**TASK BRIEF:** The response should contain all of the records, copied exactly, and none of the images.

Start of RECORDS TO PROCESS

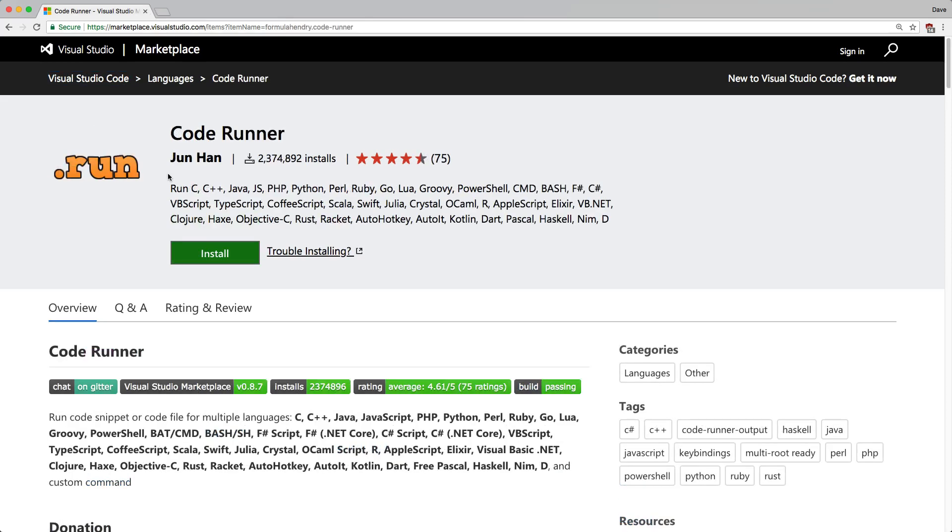And the Coderunner one will allow me to execute my Ruby code right there from within the editor. And it'll show me a little terminal with the resulting outputs. So that's going to be super helpful in this episode.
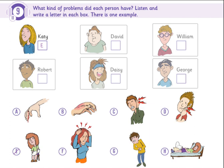But his brother David wasn't lucky. Why? Well, when he was cooking the sausages for George, he burnt his hand badly and he couldn't use it for two weeks.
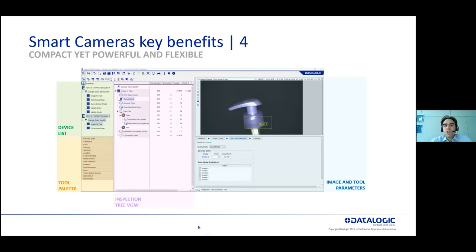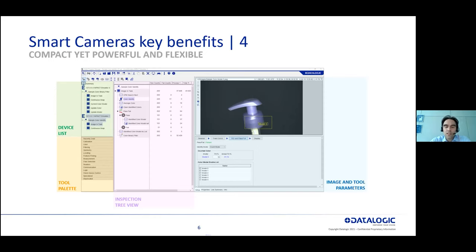The fourth key element, specific to Datalogic, is that we have chosen to leverage the same software environment — called IMPACT — for all our units. The functionalities available on a PC-based solution are also made available on a smart camera platform. This means you get the same complete vision system functionality on a smart camera, so even with a more compact, cost-effective solution you still get the full value of a complete vision system.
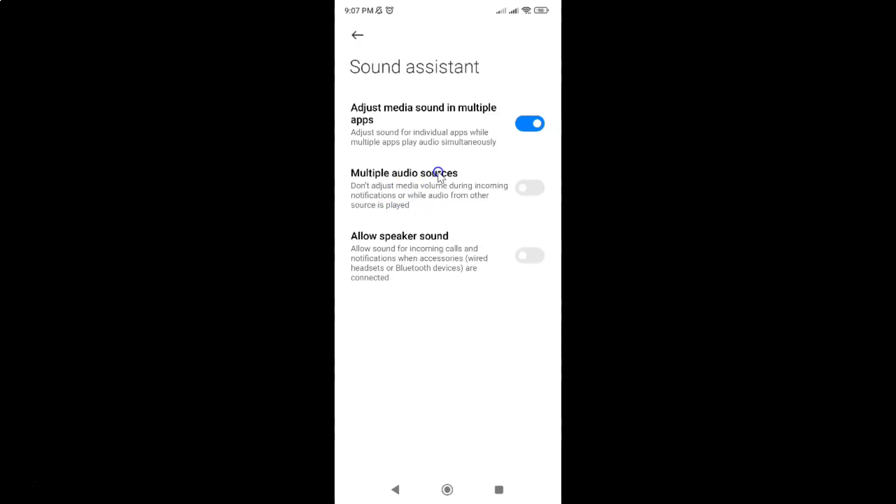So to enable it you have to enable this toggle button next to it. To enable this toggle button just tap on it so that the slider moves to the right. Let me show you. Let me tap on it.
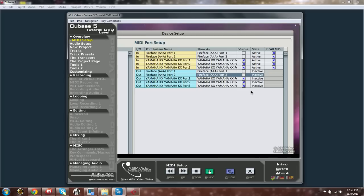Setting a MIDI Port to invisible doesn't mean the port is disabled, only invisible. If I set this port to invisible but turn on the In All MIDI Inputs, which I'll discuss in a second, the MIDI Port will still work. We just won't see it in the list of available inputs.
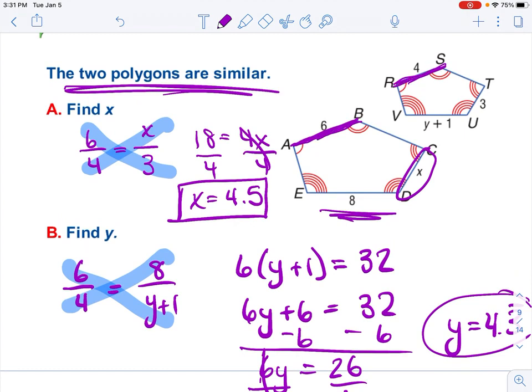You can do a quick check: this one is 6, this one is 4 — not that much difference. X at 4.5 should be just bigger than 3 — it is. And 8 should be just bigger than 5.3 when you plug in Y — that pretty much checks out too.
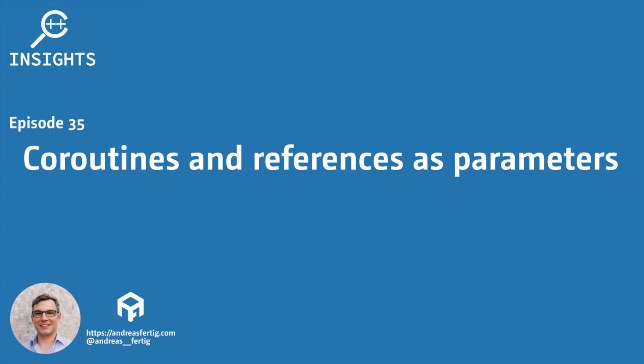Hello and welcome. I'm Andreas Fertig. I work as a trainer and consultant primarily for C++ and I'm also the creator of C++ Insights.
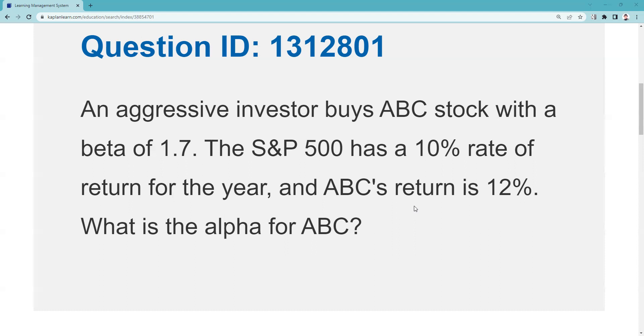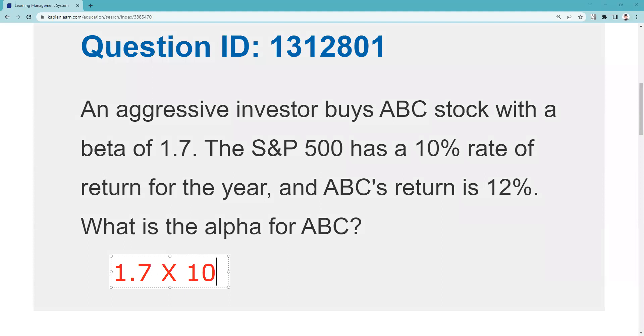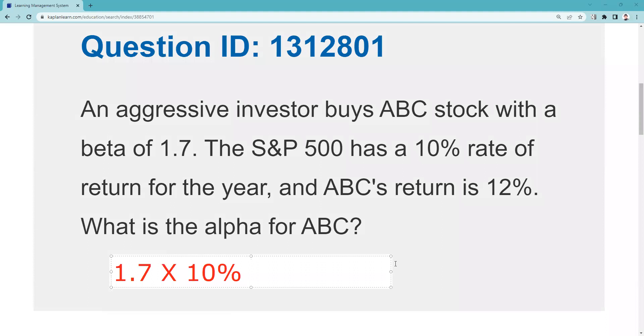I think it's unlikely that you're going to have to do what this question is, which is practical application — a low probability. So beta 1.7 means we expect that the security will be 1.7 times more volatile than the market. So with 1.7 as our beta, 1.7 times the rate of return for the market, which was 10%, my expectation would be that this security would return 17%.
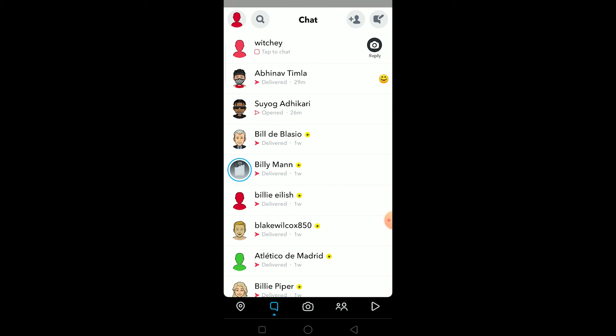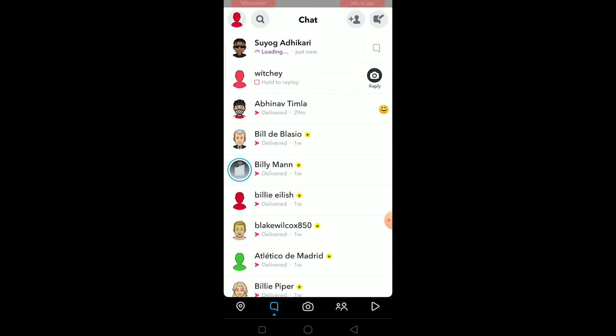If you go on your Instagram and search for ASL it's going to show you American Sign Language. So yeah, in Snapchat it's age sex location, and on Instagram if you search for ASL it's going to show you American Sign Language.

End of RECORDS TO PROCESS

**OUTPUT FOR THIS TASK:**
And the Coderunner one will allow me to execute my Ruby code right there from within the editor. And it'll show me a little terminal with the resulting outputs. So that's going to be super helpful in this episode.
But his brother David wasn't lucky. Why? Well, when he was cooking the sausages for George, he burnt his hand badly and he couldn't use it for two weeks.
The fourth key element, specific to Datalogic, is that we have chosen to leverage the same software environment — called IMPACT — for all our units. The functionalities available on a PC-based solution are also made available on a smart camera platform. This means you get the same complete vision system functionality on a smart camera, so even with a more compact, cost-effective solution you still get the full value of a complete vision system.
So to enable it you have to enable this toggle button next to it. To enable this toggle button just tap on it so that the slider moves to the right. Let me show you. Let me tap on it.
Setting a MIDI Port to invisible doesn't mean the port is disabled, only invisible. If I set this port to invisible but turn on the In All MIDI Inputs, which I'll discuss in a second, the MIDI Port will still work. We just won't see it in the list of available inputs.
You can do a quick check: this one is 6, this one is 4 — not that much difference. X at 4.5 should be just bigger than 3 — it is. And 8 should be just bigger than 5.3 when you plug in Y — that pretty much checks out too.
Hello and welcome. I'm Andreas Fertig. I work as a trainer and consultant primarily for C++ and I'm also the creator of C++ Insights.
I think it's unlikely that you're going to have to do what this question is, which is practical application — a low probability. So beta 1.7 means we expect that the security will be 1.7 times more volatile than the market. So with 1.7 as our beta, 1.7 times the rate of return for the market, which was 10%, my expectation would be that this security would return 17%.
If you go on your Instagram and search for ASL it's going to show you American Sign Language. So yeah, in Snapchat it's age sex location, and on Instagram if you search for ASL it's going to show you American Sign Language.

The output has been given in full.